Advanced Connectivity
Search applications are often integrated into large software applications or complex information systems. Two typical integration scenarios are: an authoring or management application, such as a document management system, where stored content must be searchable; and a workflow and investigation tool specific to an industry (for example, for law firms or for compliance in the financial services sector), where many external data sources are processed. Successful integration and connectivity will translate into a seamlessly improved search experience within a familiar and well-liked product without compromising the product’s security, scalability or other key features.
FAST ESP can retrieve content from data sources in two ways. The content pull approach leverages content connectors to retrieve the information via standard APIs or interfaces that are provided by the source content repositories. The content connectors do not require integration programming toward the target data repositories.
The content push approach requires that the data repositories, applications or messaging middleware send the data directly to FAST ESP via the ESP Content API. This omits the latency of crawling, but it requires a closer relationship between the content application and the search engine.
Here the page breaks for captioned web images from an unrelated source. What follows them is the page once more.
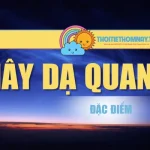 Mây Dạ Quang Và Thông Tin Thú Vị Về Hiện Tượng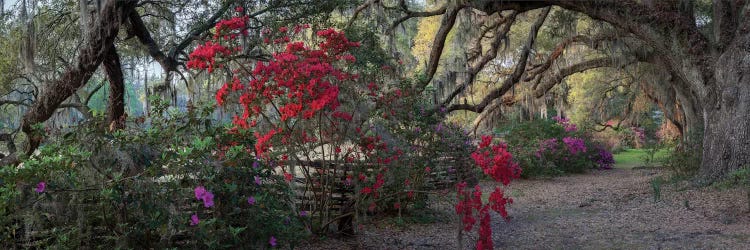 Springtime Morning by H.J. Herrera wall art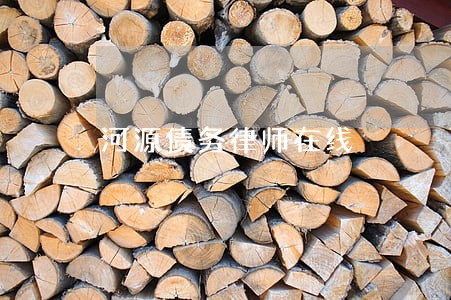 河源债务律师在线 河源债务律师在线
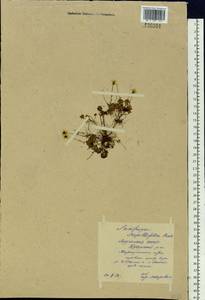 Saxifraga serpyllifolia Pursh, Siberia, Yakutia (S5) (Russia)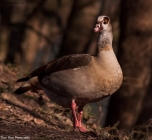 Prossima Foto: Che sguardo!!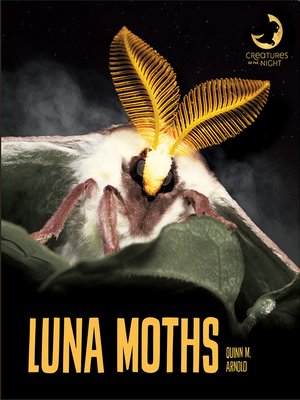 cover image of Luna Moths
A traditional search approach typically implies long latency from the time the data is modified until the modification is reflected in the searchable index. This means that the search engine does not handle dynamic data and may not be sufficient for processing real time information. FAST ESP removes this limitation by ensuring the information is made searchable in seconds. It takes this functionality further by integrating the real-time FAST Filter Engine that matches information against pre-defined queries as the content becomes available.